A Review of The Midnight Sky
I opened my Netflix app and saw the list of new movies. The Midnight Sky was in the top five movies in the U.S. But when I noticed it was another tale of global catastrophe, I hesitated, and had no desire to watch one man alone trying to save what was left of the human race. Normally there were a lot of cliche scenes and gratuitous heroics that are only fun in a theatre and feel sickening by the time you got home. I clicked to start it because making a movie in 2020 is challenging and I figured a few minutes at 1.25 speed shouldn’t be too bad.
The beginning did not catch me right away and I had to be patient. You have your ‘world on notice’ scene, a flashback, where people were being evacuated from the last place on Earth that was safe for the time being. I didn’t understand why people and their families were going into the places that were affected, uninhabitable, or both. You just had a population that was dead, one last man at a station in the north pole, and the members of a spaceship that was coming back to Earth after finding a habitable moon of Jupiter.
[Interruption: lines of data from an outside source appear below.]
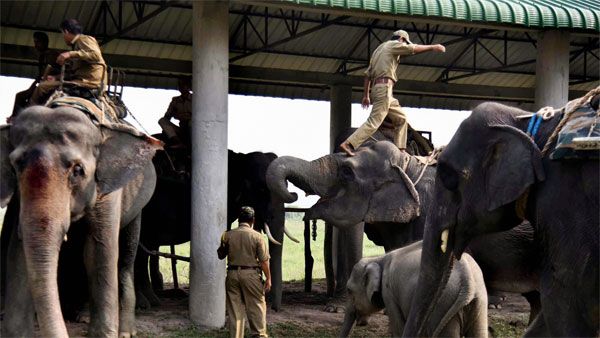 Assam elephants to endure a 70-hour journey for Jagannath Yatra, activists livid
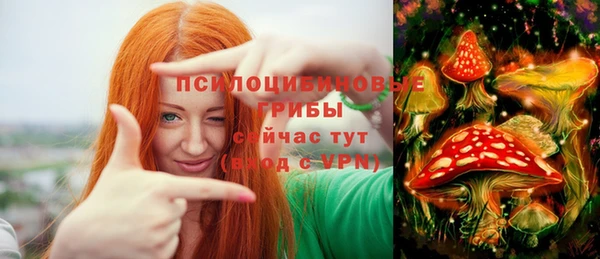 apvp Арсеньев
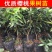 樱桃树，基地供应，货源充足，品质保障，可视频看货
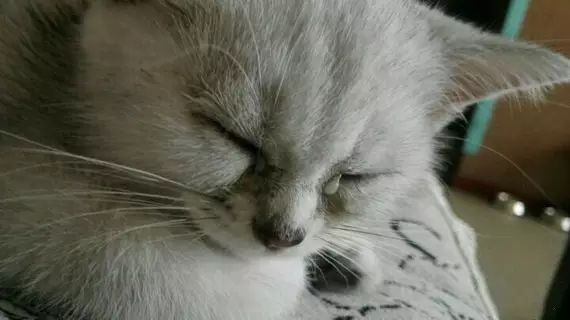 如果猫的眼瞎了怎么治,猫眼睛被眼屎糊住怎么清理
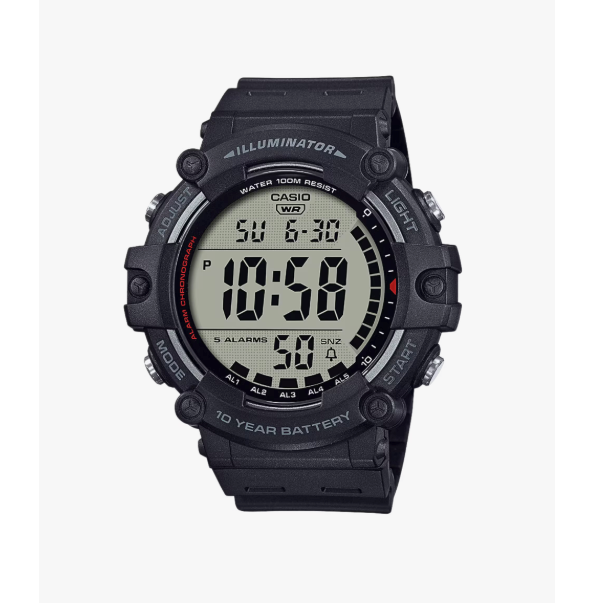 CASIO DIGITAL SORT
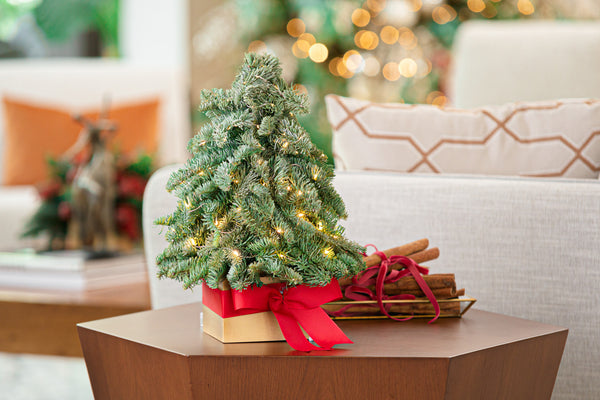 Luz Tree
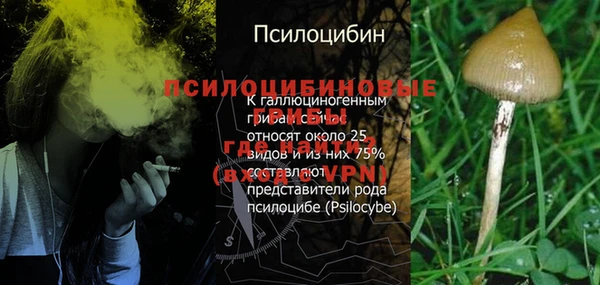 кокс Белокуриха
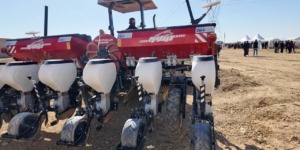 انطلاق حملة زراعة نبات دوار الشمس ببلدية بريزينة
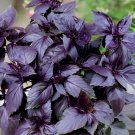 40 Seeds Heirloom Purple Basil (Ocimum Basilicum)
Despite what I thought might be boring is where George Clooney shines. I knew that to make and release great movies this year, a writer, producer and director would have to become a genius at the small remote scenes. George who is a master of facial expression and emotional acting gave us the uneasy feeling we would have, being that secluded. One by one, the fears I had gave way to a sense that you cannot do anything at the moment about what happened to Earth in 2049.
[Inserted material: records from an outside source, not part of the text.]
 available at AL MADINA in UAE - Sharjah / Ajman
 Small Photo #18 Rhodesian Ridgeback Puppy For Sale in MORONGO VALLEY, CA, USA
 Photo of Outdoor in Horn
The protagonist never asks anyone to change because he knew and feared the day would come when the Earth would rebel against the people who hurt her beyond repair. I felt in time the Earth would bounce back but humanity outstayed their welcome and nothing in the movie spoke of hope on Earth.
I had a hard time with his isolation and the drifting of his mind but that only meant the Professor at the station was hitting uncomfortable areas of my senses that needed activating. I know about being alone with your thoughts as a hiker who packed alone sometimes throughout New Hampshire but when I understood the clarity you gained from it, I kept watching.
This movie is more than the one chance to contact the spaceship before they orbited Earth and came down to find nothing was the same. It was the love of one man who didn’t give up trying despite hallucinations, an arduous journey over the frozen north sea, and kidney failure and a crew of a ship who loved their families, each other, and understood the risks ahead of them. I will say no more.
You will love this movie because the hope you will feel is the hope of a person who understands being cornered with few ways out, being brave enough to take it, and the sacrifice needed for a new world you cannot be part of.